In the data that follows, find the line with "KNKG CORE BACKPACK | Groen"; transcribe it, every later line up to the one with "לאה גולדין צילום: Yonatan", and that line as well, exactly and with no others.
•••
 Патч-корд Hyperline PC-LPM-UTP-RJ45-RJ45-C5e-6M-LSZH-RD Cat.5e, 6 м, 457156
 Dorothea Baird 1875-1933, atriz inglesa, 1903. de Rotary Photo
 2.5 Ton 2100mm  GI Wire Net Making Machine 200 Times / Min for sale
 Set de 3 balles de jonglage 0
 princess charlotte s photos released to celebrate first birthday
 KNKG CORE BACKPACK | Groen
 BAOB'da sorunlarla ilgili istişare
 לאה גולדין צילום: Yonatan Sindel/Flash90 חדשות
•••
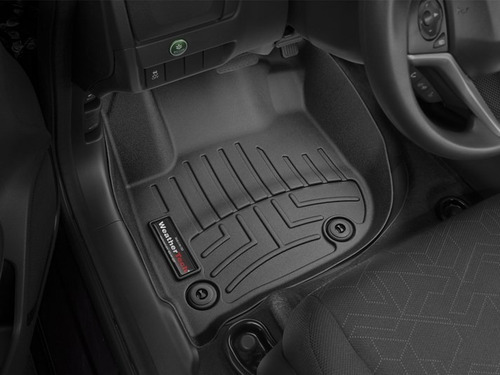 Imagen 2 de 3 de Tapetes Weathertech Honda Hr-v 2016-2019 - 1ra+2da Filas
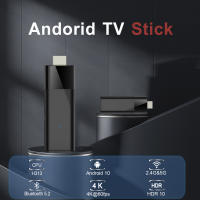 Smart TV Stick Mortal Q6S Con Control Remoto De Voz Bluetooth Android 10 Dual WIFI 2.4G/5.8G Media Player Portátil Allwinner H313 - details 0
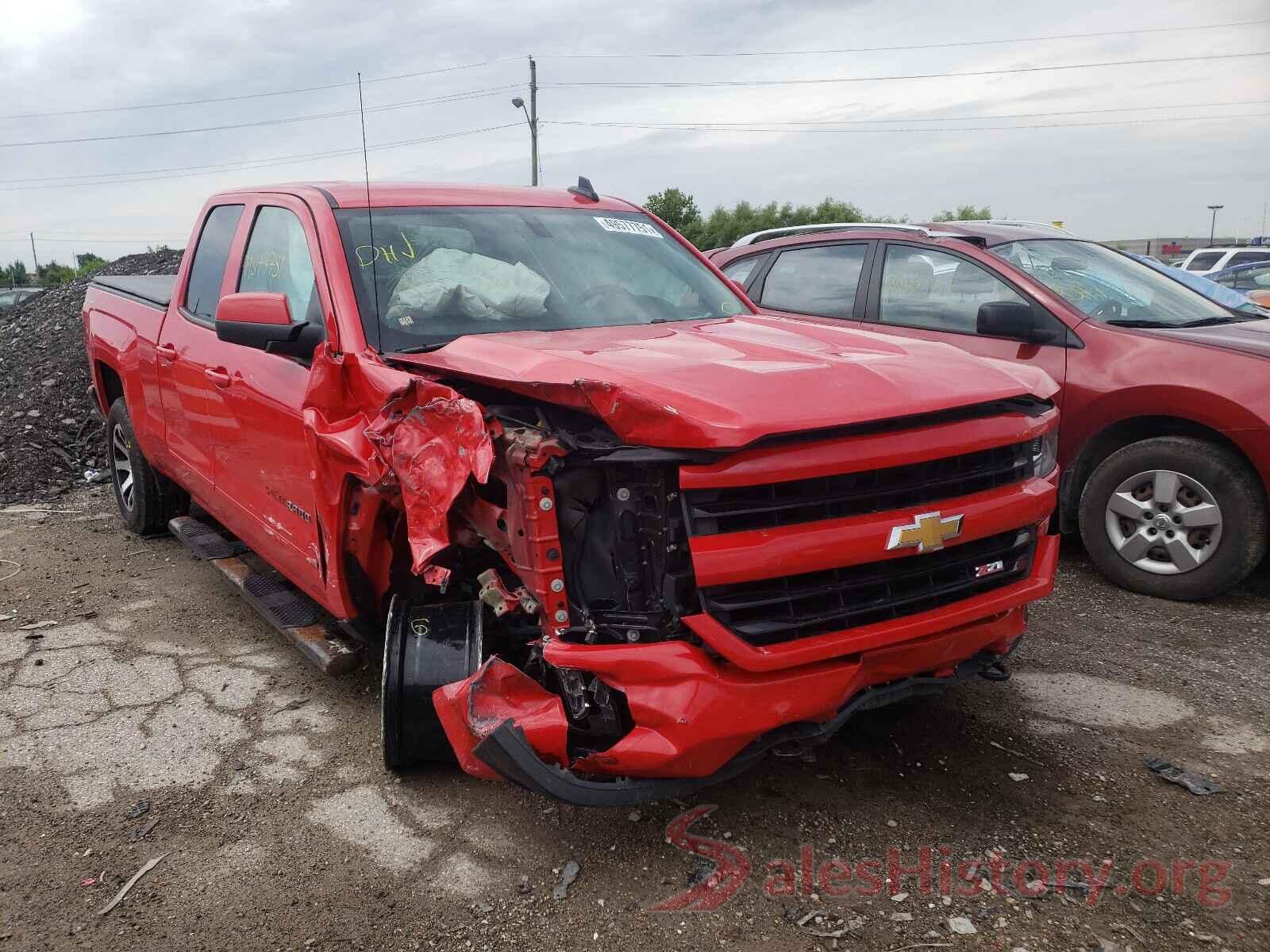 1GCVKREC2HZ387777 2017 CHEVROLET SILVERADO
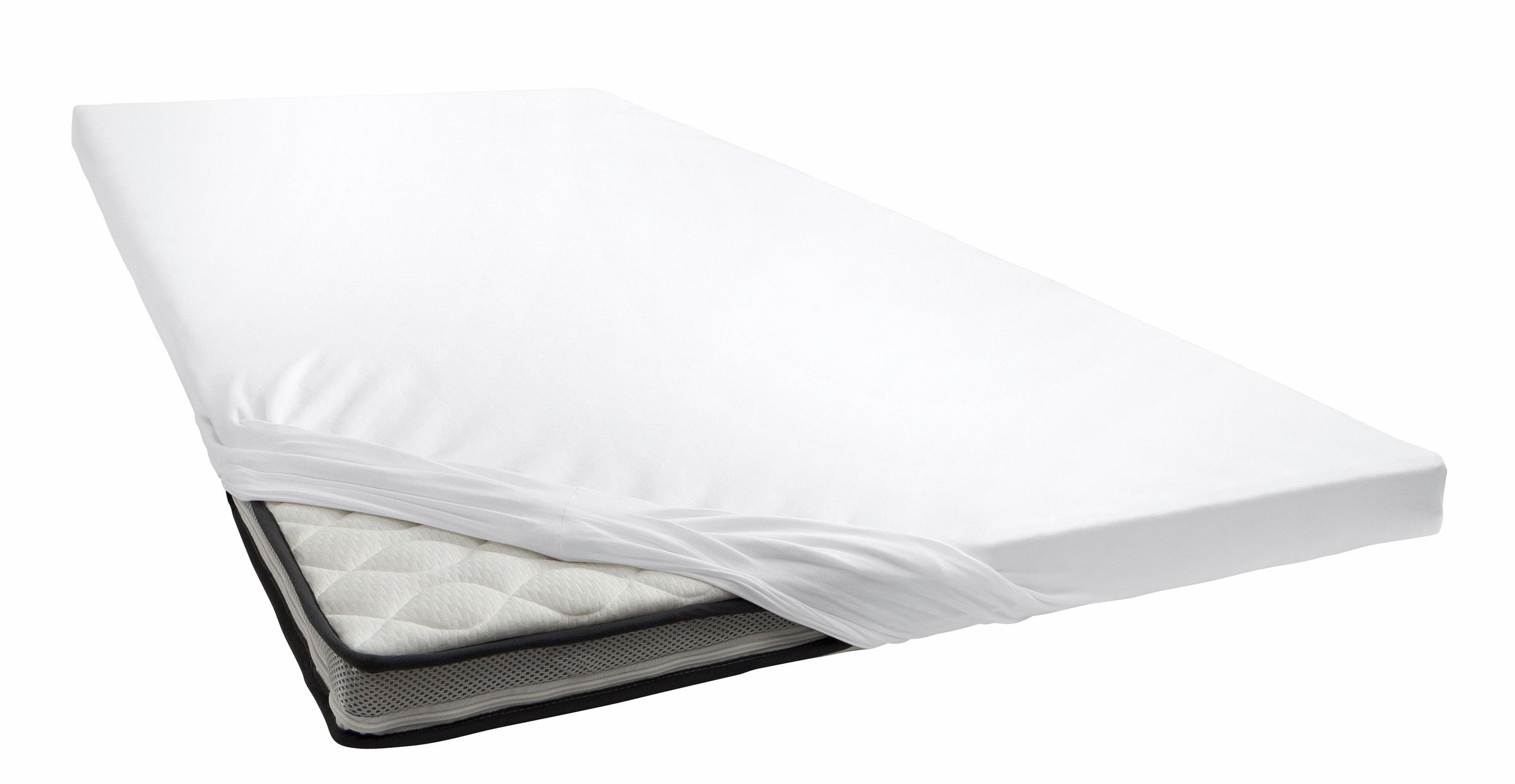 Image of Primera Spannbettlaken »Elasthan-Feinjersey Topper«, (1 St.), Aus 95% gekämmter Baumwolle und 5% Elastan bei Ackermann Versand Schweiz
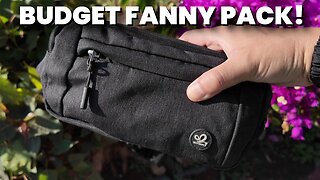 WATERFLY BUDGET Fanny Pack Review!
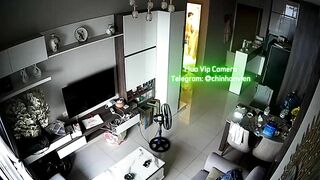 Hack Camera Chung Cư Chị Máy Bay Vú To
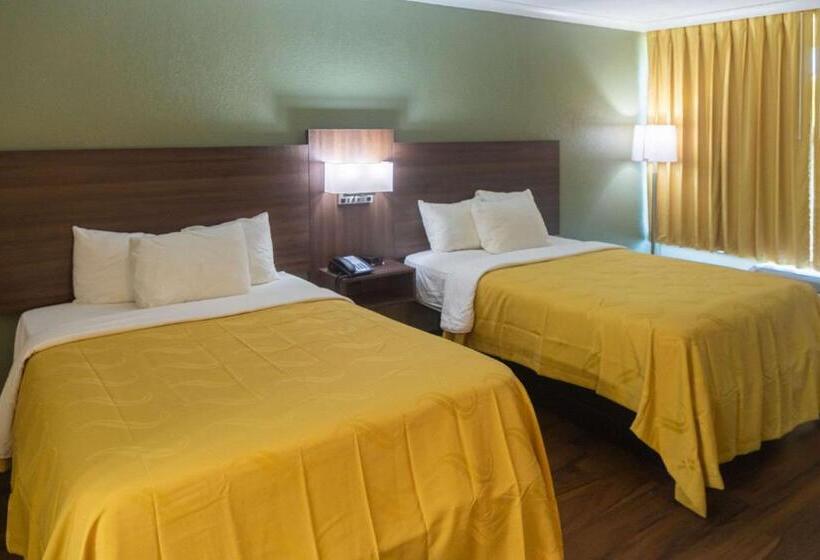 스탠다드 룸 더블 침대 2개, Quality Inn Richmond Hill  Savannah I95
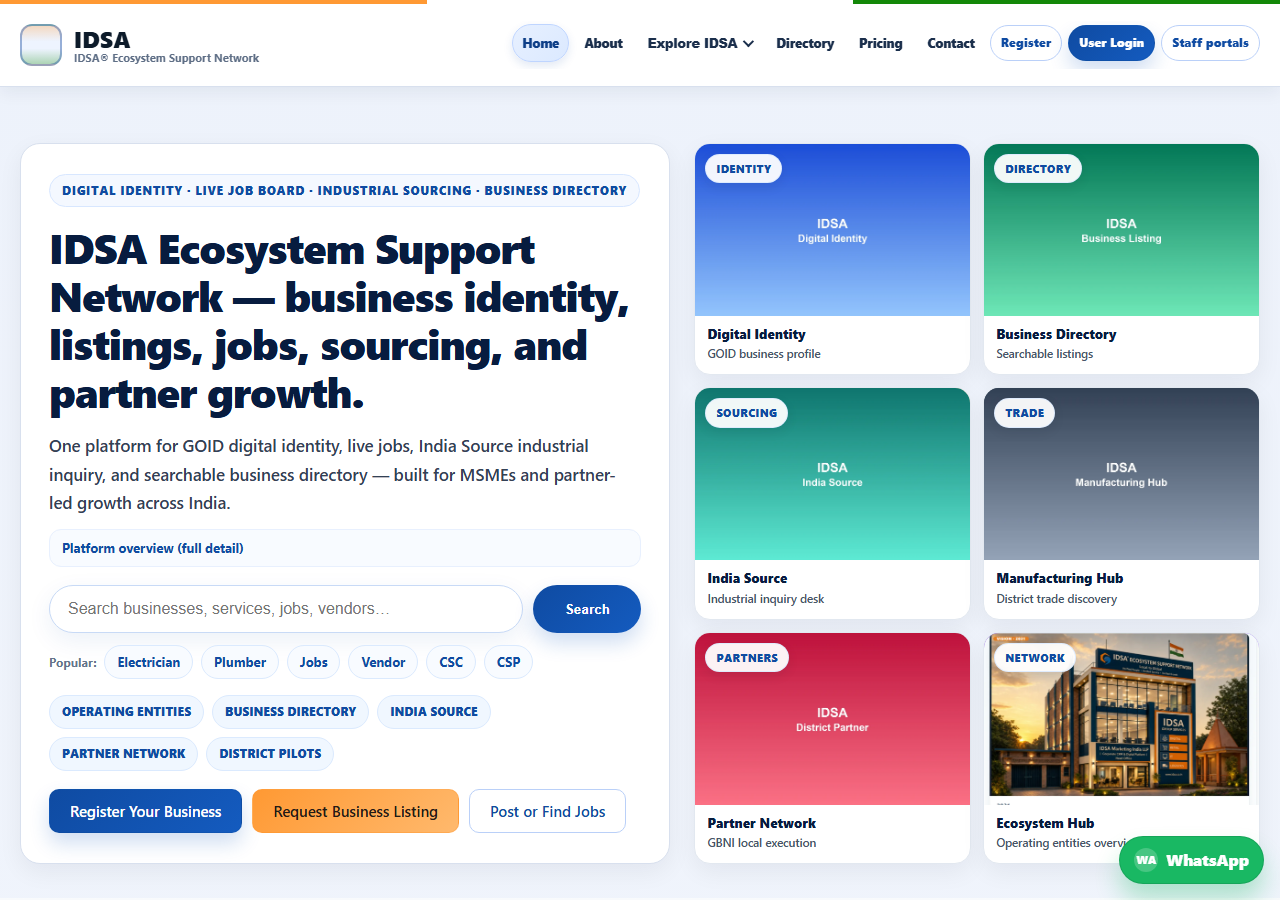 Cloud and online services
•••
--- TASK SOLUTION ---
 KNKG CORE BACKPACK | Groen
 BAOB'da sorunlarla ilgili istişare
 לאה גולדין צילום: Yonatan Sindel/Flash90 חדשות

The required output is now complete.